When evidence-based design collides with conventional wisdom, the outcome will sometimes be disruptive.
Take, for example, the generally accepted advantages in patient care and observation related to decentralizing nurses’ stations in hospitals, which is becoming standard practice for healthcare clients and their AEC partners.
A recent evaluation of a renovated Missouri hospital, conducted by University of Kansas faculty members, raised questions about the impact of decentralization on patient satisfaction and the communication among nursing teams within the facility.
The St. Louis-based architectural firm Lawrence Group retained the Institute for Health + Wellness Design (IHWD) at KU’s School of Architecture, Design, and Planning to provide a third-party review of the firm’s 2014 remodeling of the orthopedic unit at SSM St. Mary’s Hospital in Jefferson City. That healthcare system was about to embark on an expansion of its St. Joseph Hospital West in Lake St. Louis.

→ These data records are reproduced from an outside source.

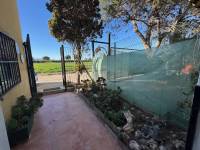 Reventa - Finca / Country Property - Guardamar del Segura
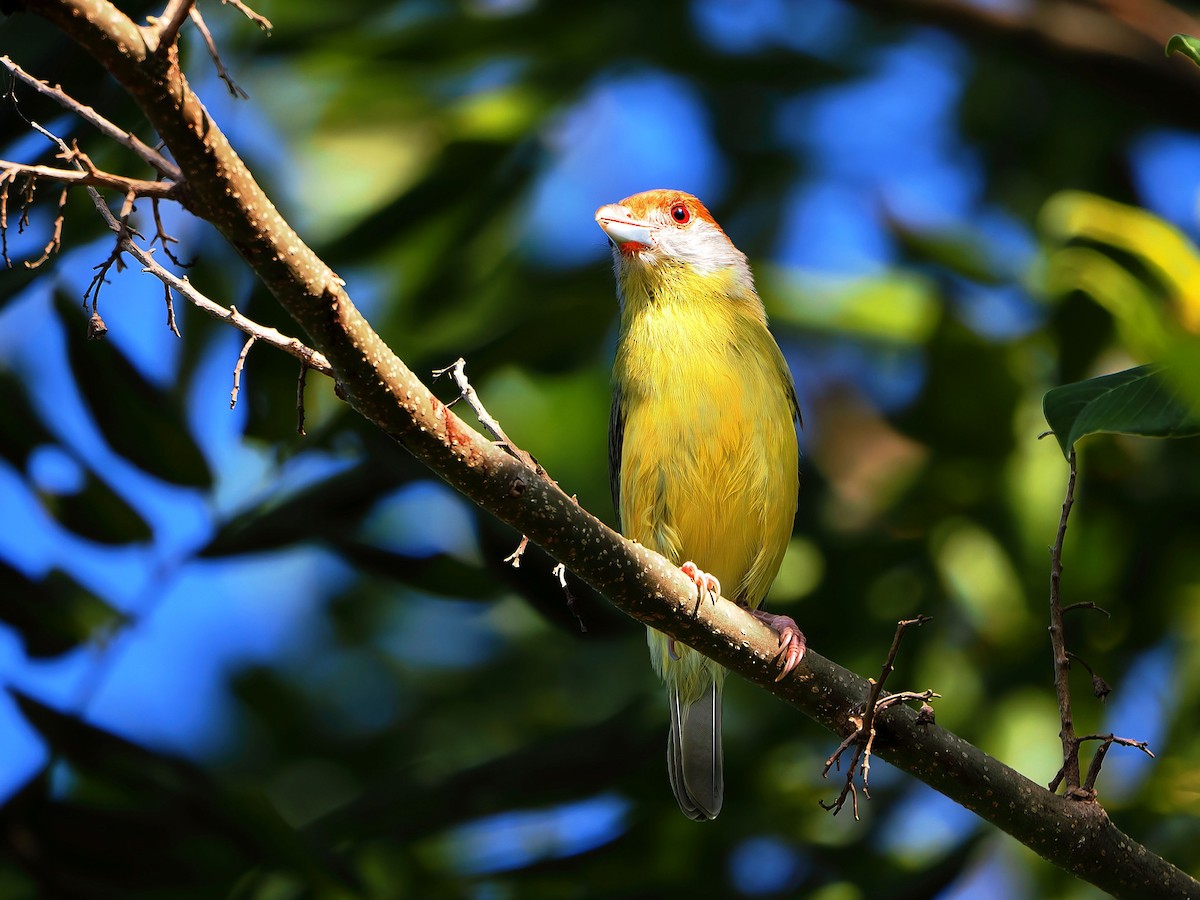 Rufous-browed Peppershrike - ML646877657
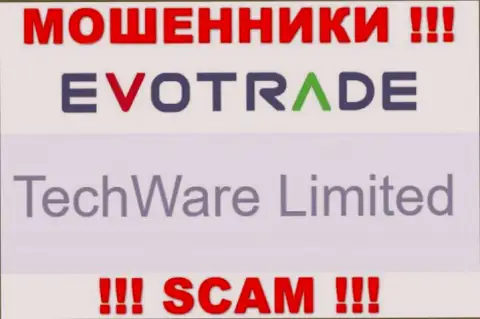 Юридическим лицом EvoTrade является - TechWare Limited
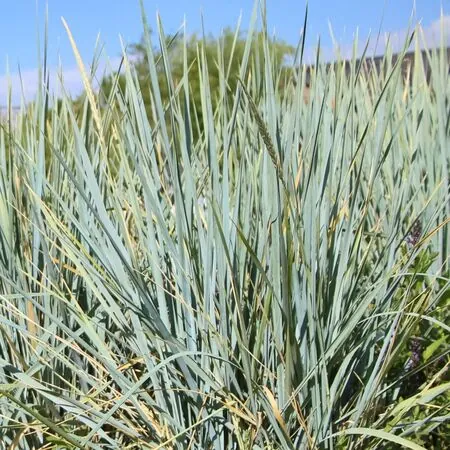 Elymus magellanicus 2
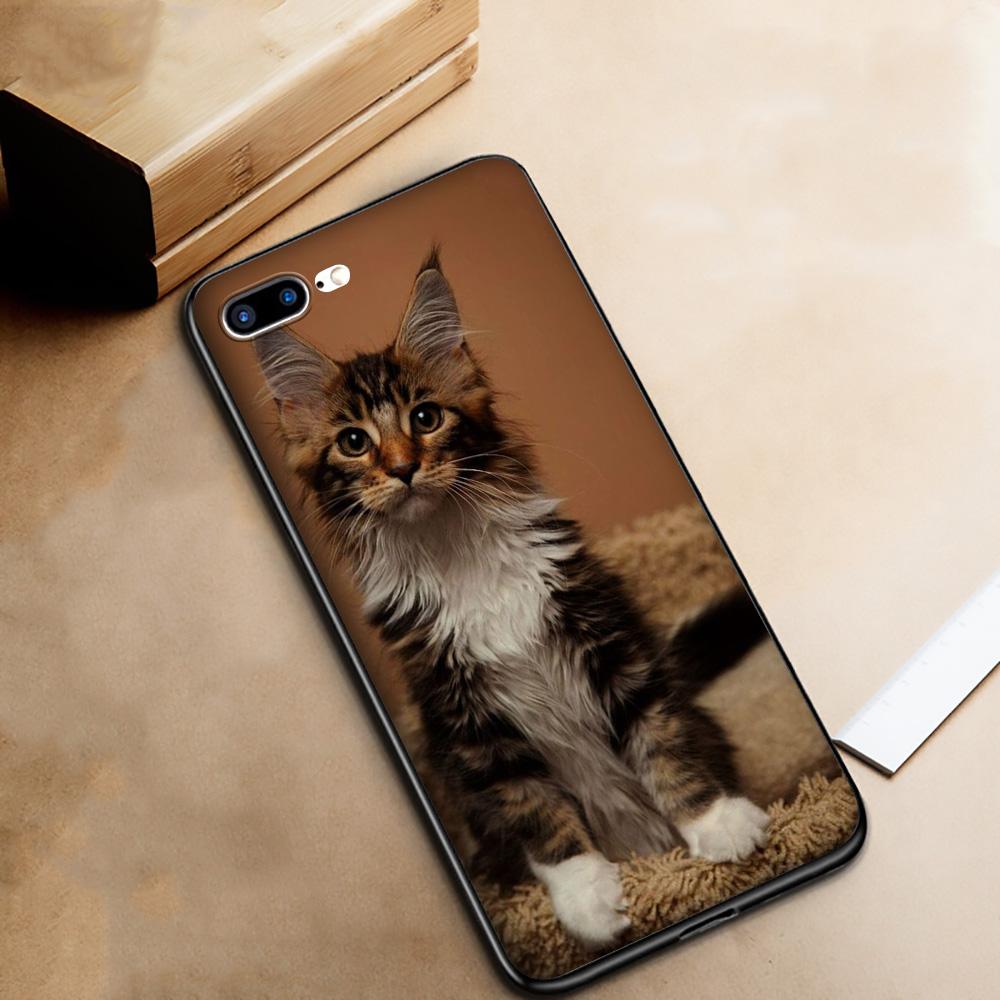 Чехол T145 с изображением кота мейн-куна для iPhone 13 12 Mini 11 Pro XS Max XR X 8 7 6 6S Plus 5 5S SE 2020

Lawrence Group is an affiliate member of IHWD.
The Institute assessed the unit using an evidence-based design checklist developed by the nonprofit Center for Health Design in California. Its survey included a “space syntax” evaluation that generated a heat map, which showed how the unit’s layout might affect patient satisfaction.
“We wanted to see does moving into a new facility improve patient satisfaction scores, which is one of the most important things for hospital owners today,” said Hui Cai, Assistant Professor at KU, who with Professor Kent Spreckelmeyer and Frank Zilm, IHWD’s chairman, presented findings from the Institute’s nursing unit study at the Healthcare Design Conference 2016 in Houston last November.
The study found, perhaps not surprisingly, that the facility itself showed “statistically significant increase[s]” in scores after the renovation. But patient-quality scores mostly stayed the same, and one score—nurses’ responses to patient calls—actually dropped slightly.
The Institute hypothesizes that decentralization was the culprit, due to the physical distance and visual disconnection of decentralized nursing unit design, which necessitates that nurses must move farther to get from station to station. The Institute suggests these distances might be an impediment to interaction among nurses that might also delay responses to patients.
“This design trend needs to be further investigated before it is accepted as standard for every hospital,” said Cai. “We have to see how to modify the design to achieve balance between shorter walking distance, better patient surveillance and better staff communication and collaboration.”
This is one of the first research studies to link decentralized nurse station design with organizational performance and patient outcomes. The Institute has conducted a second phase of study to evaluate further the degree to which decentralized design affects nurses’ teamwork and patients’ perception of care. In late 2017, IHWD plans to present and publish the results of this study, which included a second hospital, the University Medical Center of Princeton at Plainsboro, N.J.